Disney was one of the first to capitalized on this well, they know they have good rides, so they setup lines that people don’t want to stand in, but will to go on a crazy adventure that lets them forget about the line in the first place.
I took a trip down to the 5th avenue flagship store multiple times to see if they were crazy, but to my surprise they were normal every day people with jobs, who just wanted to experience the phenomenon of an Apple Launch event as first.
This desire to stand in line and be first is something that is important to the iPhone’s reputation; they feel having the phone first is tangible rather than fleeting. And in a world of txts and emails and lack of social interaction, feeling a connection with your device, as strange as it sounds is important. You will use it every day, so you better like it.
The brand name association with Android over the years has struggled with each phone released as the companies who make them are having a power struggle to have the best phone. Do you buy a Samsung, an HTC, a MOTO, an LG.. With Android you have Motorola who came into the picture as the front runner with the original Droid, but quietly from the darkness emerged a little company called HTC who overlaid their own UI on the Android device and quickly overtook Motorola, now it seems Samsung is ahead as a prominent Android manufacturer. But each of these is a different Android experience, because they all skin the operating system differently. It isn’t unified by what manufacturer you like, but more about the user experience. So most of the users will never even see Google’s latest updates and features like the walled in garden of iOS.
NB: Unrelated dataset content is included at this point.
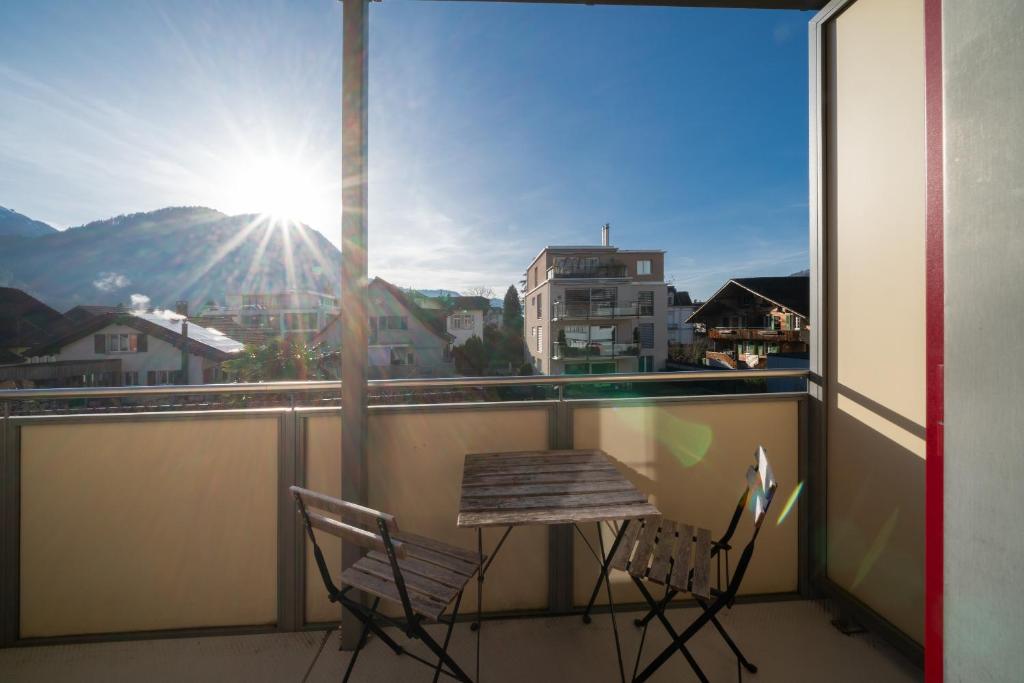 View, Interlaken Apartments in Interlaken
Now that Google has entered their own market with the Pixel series of phones for the stock android experience and over the air updates, there is even more dilution.
When I, the consumer, go to the store, I am doing the opposite of what I should when shopping for a new Android phone; I am looking at specs of the all the different “brands” of Droid. Checking their specs and listening to the reps telling me which has X feature and which does not…
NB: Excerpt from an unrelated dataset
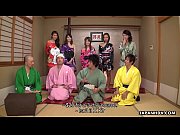 Japanese wives, Hikari and Kaede Niiyama made some porn, uncensored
In the end it is about the user experience now that technology has pretty much evened out on most phones, even if the new iPhone has a CRAZY benchmark score.
I like choice, but I don’t want the choice to be a sacrifice.
Brick and Mortar, even today is really important:
Something even more important these days is customer service. You have these top brands like Google Pixel and Samsung Galaxy, but where do you go when you have an issue with your phone? Do you go to Google’s hidden web chat service? Do you bring your phone to you carrier and deal with their spotty customer service? Why doesn’t the Google Pixel get sold at the Google Store or the Samsung phones have a Samsung Kiosk like Microsoft did with their windows phones? I tell you what, “Genius” or not, the idea and high level of customer care at the Apple store is a HUGE selling point for me. Never have I walked into an Apple store thinking, “This is going to be a headache”. Same with their online and phone support.
Unity and the Blue Bubbles:
Like Blackberry did with their Blackberry messenger, iPhone created iMessage. An exclusive club for iPhone users to chat with one another using advanced features that can only be experienced on iOS or MacOS. While some might see this as a shitty way to shame people into wanting an iPhone, I see as a genius tool that has been proven to keep customers engaged in a platform time and time again.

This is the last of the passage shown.